A year and a half after first unveiling his plans to develop a shopping center on Bridgeport Avenue, Monty Blakeman is back before the Planning and Zoning Commission looking to rebuild on the former Crabtree auto dealership site.

He wants to have a grocery store and two retail buildings.

The commission will hold a public hearing Sept. 22 on the application for three buildings on the site where Nells Rock Road and Buddington Road converge at Bridgeport Avenue.

If history is any indication, the hearing will be packed with those who fear the traffic the project will attract will be more than can be handled at the busy intersection.

Many spoke in opposition to the application at the commission’s public hearing in May 2009 — and those who were in favor of it were drowned out.

When they first came out, there were several people who spoke in favor of it but they got shouted down,” said Blakeman’s attorney, Dominick Thomas. One older woman who said she would be happy to see a grocery store there was actually booed, he said. 

That pretty much silenced any other supporters of the project.

The site has been empty since Crabtree closed several years ago. 

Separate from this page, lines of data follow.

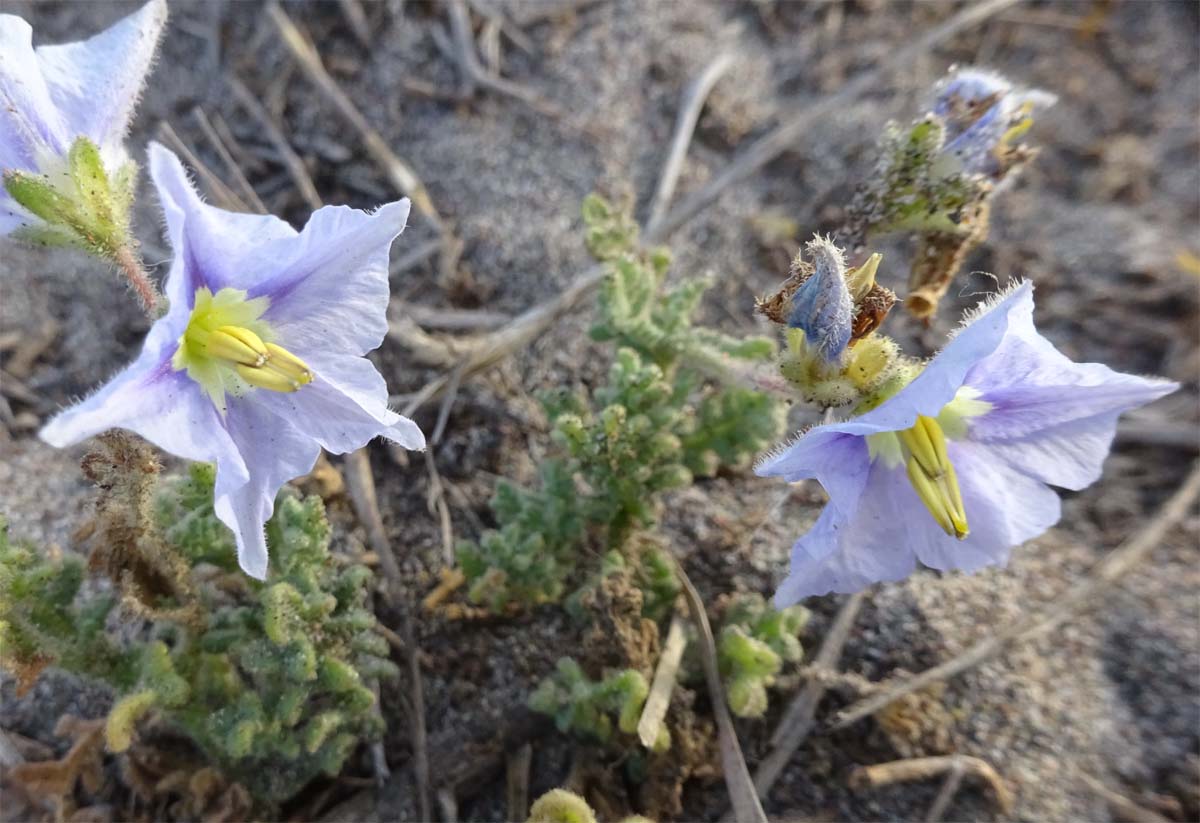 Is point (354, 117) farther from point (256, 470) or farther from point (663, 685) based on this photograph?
point (663, 685)

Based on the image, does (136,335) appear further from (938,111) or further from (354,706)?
(938,111)

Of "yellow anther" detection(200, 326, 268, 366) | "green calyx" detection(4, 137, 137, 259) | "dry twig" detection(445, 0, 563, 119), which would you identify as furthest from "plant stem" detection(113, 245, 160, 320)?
"dry twig" detection(445, 0, 563, 119)

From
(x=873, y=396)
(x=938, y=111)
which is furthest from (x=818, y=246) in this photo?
(x=938, y=111)

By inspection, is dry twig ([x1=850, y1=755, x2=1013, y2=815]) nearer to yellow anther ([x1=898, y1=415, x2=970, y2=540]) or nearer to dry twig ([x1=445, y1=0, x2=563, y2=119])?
yellow anther ([x1=898, y1=415, x2=970, y2=540])

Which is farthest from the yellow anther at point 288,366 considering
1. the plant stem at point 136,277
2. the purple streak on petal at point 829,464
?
the purple streak on petal at point 829,464

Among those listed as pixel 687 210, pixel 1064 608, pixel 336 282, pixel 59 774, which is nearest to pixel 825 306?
pixel 336 282

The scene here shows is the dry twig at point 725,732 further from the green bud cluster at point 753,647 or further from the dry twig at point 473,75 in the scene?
the dry twig at point 473,75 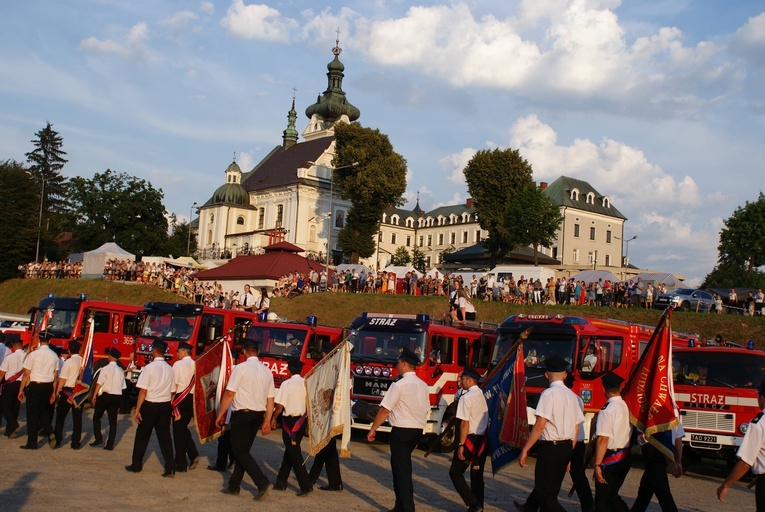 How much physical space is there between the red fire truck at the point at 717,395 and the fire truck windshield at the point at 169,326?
12291 mm

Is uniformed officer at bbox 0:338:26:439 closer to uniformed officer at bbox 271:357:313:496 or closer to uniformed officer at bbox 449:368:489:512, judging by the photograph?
uniformed officer at bbox 271:357:313:496

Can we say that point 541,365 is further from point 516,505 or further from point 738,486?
point 516,505

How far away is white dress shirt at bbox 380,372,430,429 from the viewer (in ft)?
33.2

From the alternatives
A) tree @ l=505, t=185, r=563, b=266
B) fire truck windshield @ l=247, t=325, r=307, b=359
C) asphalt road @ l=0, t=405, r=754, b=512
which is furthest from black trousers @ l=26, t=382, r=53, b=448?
tree @ l=505, t=185, r=563, b=266

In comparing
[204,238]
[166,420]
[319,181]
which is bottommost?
[166,420]

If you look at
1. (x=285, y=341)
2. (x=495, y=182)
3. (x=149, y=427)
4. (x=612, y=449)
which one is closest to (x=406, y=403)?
(x=612, y=449)

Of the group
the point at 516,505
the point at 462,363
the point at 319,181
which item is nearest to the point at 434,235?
the point at 319,181

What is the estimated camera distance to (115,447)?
48.8 ft

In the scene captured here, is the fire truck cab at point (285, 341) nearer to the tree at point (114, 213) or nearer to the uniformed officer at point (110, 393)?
the uniformed officer at point (110, 393)

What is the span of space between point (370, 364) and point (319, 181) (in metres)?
79.9

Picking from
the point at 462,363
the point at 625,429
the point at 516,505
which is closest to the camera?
the point at 625,429

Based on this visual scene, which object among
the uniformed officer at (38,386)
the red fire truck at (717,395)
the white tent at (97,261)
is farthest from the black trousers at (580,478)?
the white tent at (97,261)

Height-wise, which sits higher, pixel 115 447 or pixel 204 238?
pixel 204 238

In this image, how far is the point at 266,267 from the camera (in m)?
55.4
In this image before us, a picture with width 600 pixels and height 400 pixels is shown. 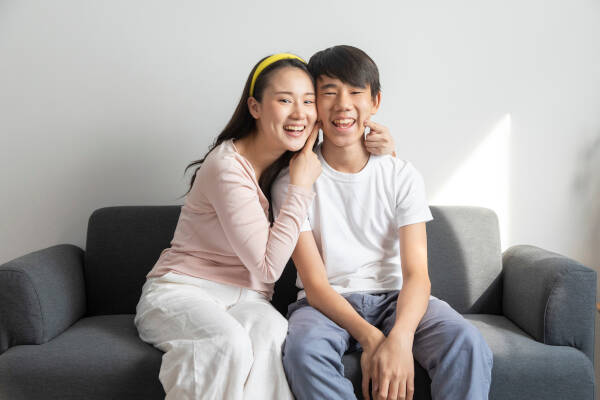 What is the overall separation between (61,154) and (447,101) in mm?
1559

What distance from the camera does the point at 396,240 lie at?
1609 millimetres

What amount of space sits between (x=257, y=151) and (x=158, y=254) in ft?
1.93

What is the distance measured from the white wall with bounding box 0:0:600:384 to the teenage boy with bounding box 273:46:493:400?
0.55m

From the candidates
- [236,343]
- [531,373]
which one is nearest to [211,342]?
[236,343]

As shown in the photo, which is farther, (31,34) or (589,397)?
(31,34)

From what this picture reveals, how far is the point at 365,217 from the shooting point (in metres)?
1.58

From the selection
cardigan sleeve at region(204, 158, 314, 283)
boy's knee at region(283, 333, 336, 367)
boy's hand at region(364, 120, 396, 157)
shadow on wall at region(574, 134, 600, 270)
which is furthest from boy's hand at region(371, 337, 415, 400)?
shadow on wall at region(574, 134, 600, 270)

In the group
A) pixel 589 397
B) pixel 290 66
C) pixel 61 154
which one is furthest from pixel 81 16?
pixel 589 397

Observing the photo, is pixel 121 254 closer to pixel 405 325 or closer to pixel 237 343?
pixel 237 343

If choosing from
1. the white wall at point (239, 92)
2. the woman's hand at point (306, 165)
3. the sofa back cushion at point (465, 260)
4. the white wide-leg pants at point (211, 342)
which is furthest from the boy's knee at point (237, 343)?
the white wall at point (239, 92)

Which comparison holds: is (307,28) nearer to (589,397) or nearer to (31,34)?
(31,34)

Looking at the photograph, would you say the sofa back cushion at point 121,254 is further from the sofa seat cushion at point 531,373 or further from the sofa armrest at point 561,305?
the sofa armrest at point 561,305

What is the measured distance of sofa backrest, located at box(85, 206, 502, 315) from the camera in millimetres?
1854

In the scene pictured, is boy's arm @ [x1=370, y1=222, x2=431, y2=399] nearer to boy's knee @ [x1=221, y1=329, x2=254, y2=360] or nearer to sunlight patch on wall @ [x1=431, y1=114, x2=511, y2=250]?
boy's knee @ [x1=221, y1=329, x2=254, y2=360] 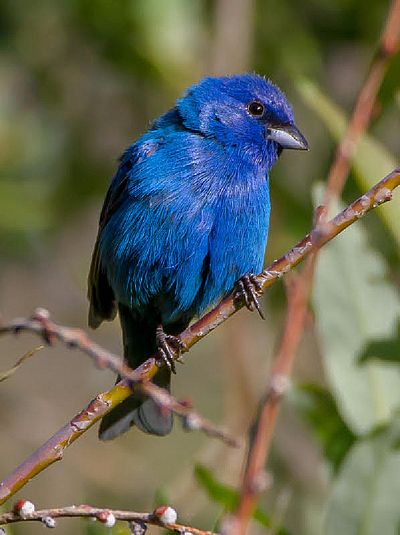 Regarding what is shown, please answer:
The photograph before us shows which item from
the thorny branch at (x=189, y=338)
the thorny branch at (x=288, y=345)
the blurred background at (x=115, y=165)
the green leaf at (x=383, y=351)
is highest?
A: the blurred background at (x=115, y=165)

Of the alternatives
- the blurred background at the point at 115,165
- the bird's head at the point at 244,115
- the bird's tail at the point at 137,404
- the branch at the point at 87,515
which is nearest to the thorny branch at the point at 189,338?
the branch at the point at 87,515

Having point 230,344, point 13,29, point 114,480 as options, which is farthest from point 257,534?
point 13,29

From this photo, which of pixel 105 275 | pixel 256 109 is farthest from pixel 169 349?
pixel 256 109

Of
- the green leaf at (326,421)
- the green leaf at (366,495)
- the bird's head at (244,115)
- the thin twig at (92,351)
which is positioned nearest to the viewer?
the thin twig at (92,351)

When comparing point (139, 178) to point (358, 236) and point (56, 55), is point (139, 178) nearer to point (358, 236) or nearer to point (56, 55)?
point (358, 236)

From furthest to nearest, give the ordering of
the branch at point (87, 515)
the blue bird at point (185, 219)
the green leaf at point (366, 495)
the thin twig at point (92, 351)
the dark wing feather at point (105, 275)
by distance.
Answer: the dark wing feather at point (105, 275)
the blue bird at point (185, 219)
the green leaf at point (366, 495)
the branch at point (87, 515)
the thin twig at point (92, 351)

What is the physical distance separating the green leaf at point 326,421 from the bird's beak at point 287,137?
35.5 inches

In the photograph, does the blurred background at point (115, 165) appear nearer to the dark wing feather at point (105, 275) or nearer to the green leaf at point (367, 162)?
the green leaf at point (367, 162)

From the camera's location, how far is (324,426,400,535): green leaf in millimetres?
2955

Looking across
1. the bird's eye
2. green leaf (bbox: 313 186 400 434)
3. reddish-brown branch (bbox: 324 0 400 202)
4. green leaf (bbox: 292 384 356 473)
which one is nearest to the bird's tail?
green leaf (bbox: 292 384 356 473)

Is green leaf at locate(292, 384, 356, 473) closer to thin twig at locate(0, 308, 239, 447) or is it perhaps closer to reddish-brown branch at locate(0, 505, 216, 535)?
reddish-brown branch at locate(0, 505, 216, 535)

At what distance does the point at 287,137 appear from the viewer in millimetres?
4062

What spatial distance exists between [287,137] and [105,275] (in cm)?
85

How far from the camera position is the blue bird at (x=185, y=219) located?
12.2 feet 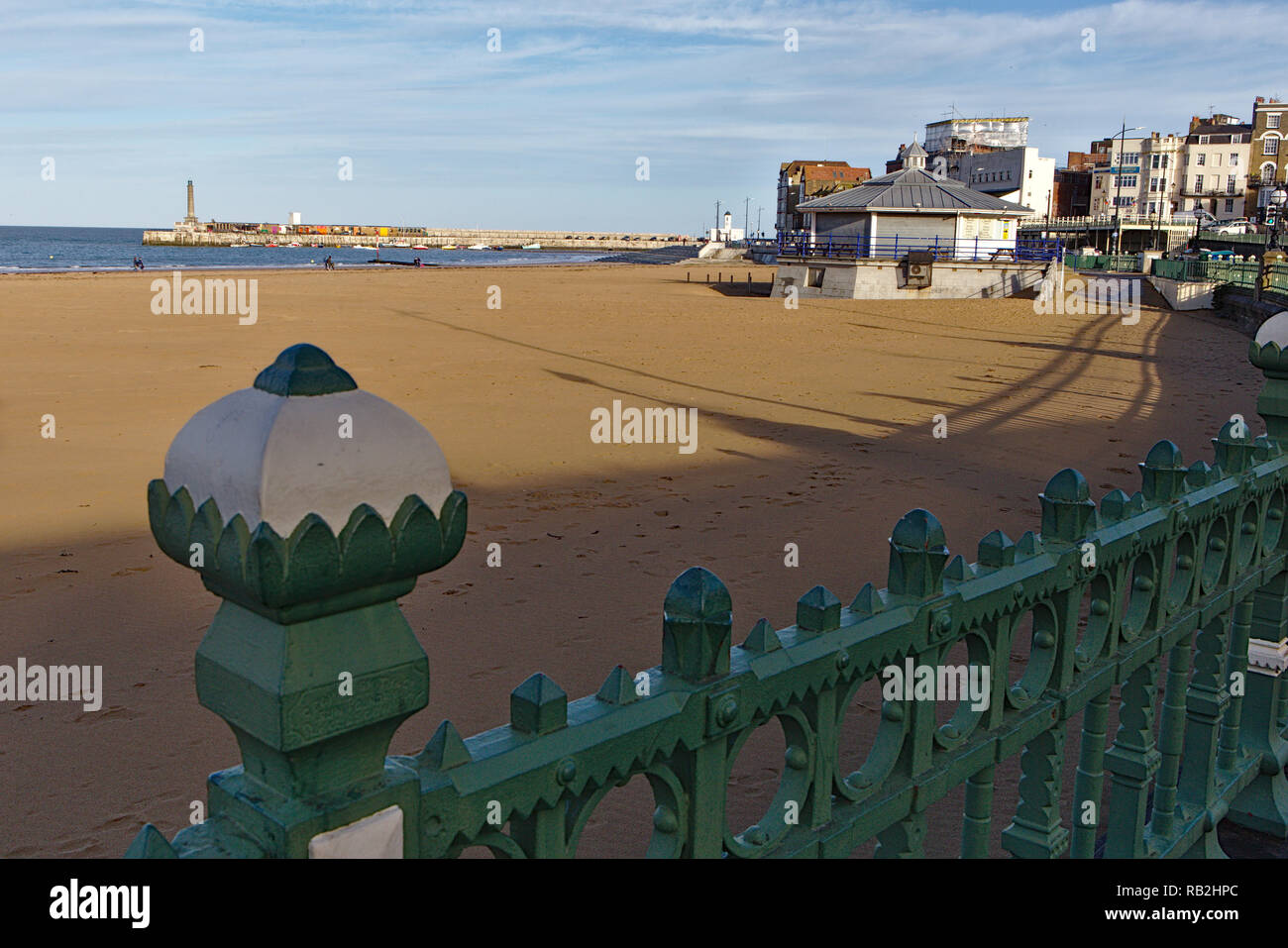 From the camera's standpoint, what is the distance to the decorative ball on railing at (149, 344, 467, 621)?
1.15 m

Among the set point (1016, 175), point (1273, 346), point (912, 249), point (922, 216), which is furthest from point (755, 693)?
point (1016, 175)

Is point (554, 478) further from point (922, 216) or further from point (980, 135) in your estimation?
point (980, 135)

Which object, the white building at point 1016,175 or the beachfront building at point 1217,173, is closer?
the white building at point 1016,175

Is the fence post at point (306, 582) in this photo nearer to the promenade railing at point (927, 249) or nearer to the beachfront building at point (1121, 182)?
the promenade railing at point (927, 249)

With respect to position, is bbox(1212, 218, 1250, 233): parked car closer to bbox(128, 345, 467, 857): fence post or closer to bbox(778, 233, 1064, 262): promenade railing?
bbox(778, 233, 1064, 262): promenade railing

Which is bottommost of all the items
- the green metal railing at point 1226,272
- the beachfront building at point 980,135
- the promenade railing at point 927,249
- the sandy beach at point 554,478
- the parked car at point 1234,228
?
the sandy beach at point 554,478

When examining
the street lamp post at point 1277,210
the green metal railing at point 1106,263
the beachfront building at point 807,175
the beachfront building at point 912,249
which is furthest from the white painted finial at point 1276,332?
the beachfront building at point 807,175

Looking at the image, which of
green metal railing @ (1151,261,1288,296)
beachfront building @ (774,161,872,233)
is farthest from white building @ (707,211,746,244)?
green metal railing @ (1151,261,1288,296)

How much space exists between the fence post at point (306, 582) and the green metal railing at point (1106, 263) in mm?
59991

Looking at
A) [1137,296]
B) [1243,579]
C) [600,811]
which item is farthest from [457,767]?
[1137,296]

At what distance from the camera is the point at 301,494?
1.15 metres

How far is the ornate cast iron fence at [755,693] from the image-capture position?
1.25 metres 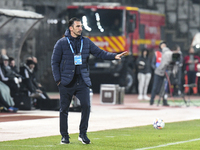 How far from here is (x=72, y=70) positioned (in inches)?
395

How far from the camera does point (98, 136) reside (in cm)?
1135

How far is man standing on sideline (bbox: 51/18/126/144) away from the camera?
396 inches

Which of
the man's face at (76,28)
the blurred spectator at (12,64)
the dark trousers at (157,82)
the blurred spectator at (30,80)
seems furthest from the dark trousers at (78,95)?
the dark trousers at (157,82)

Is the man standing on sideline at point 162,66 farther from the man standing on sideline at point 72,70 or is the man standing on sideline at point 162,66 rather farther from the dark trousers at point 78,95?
the dark trousers at point 78,95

Last year Blakeman allowed the Center Stage theater group to use a small area of the building after it was forced to relocate from its Center Street home, but that arrangement is temporary until the group, headed by Fran and Gary Scarpa, finds a permanent home.

There’s no reason to prevent this property from being developed — it has to be used,” Thomas said. And we will be doing substantial improvements to the area.”

The plans for the site remain the same, Thomas said, and include one large 130,000 square foot building that could accomodate a grocery store and two smaller buildings for a variety of retail uses.

This is the third time Blakeman has proposed the development. 

The first time — when the commission held the public hearing — the application was withdrawn because of a dispute over Access Road, the street that runs in front of the former dealership parellel to Bridgeport Avenue. The road is incorporated into the development plans and the project hinges on the ability for Blakeman to purchase it.

Last year members of the Board of Aldermen said they had to allow Blakeman to buy it, but Thomas contended that it was up to the state to sell it. The state Department of Transportation years ago gave the city the property after the construction of Route 8, with the intention that Access Road would be used to expand Bridgeport Avenue.

Since that never happened, the road reverts back to the state, which has the authority to sell it once the city abandons it. That will happen once the approvals are in place, Blakeman said.

Blakeman resubmitted the application earlier this year but then withdrew it again after entering into negotiations with a user for the grocery space. Those negotiations fell through, Thomas said, so they are now going ahead with the approval process while continuing to talk to others interested in leasing the space.

We are now focused on getting the approvals,” he said.

But it’s likely there will again be opposition to the project, especially from those living up Nells Rock and Buddington roads in the several condominium complexes located there.

I think you’re going to see people come out again,” said Nells Rock Road resident Barbara Daniels, who attended the prior public hearing on the application. I’m not opposed to them building on the site, but they have to be responsible and not make it a nightmare for those of us already there.”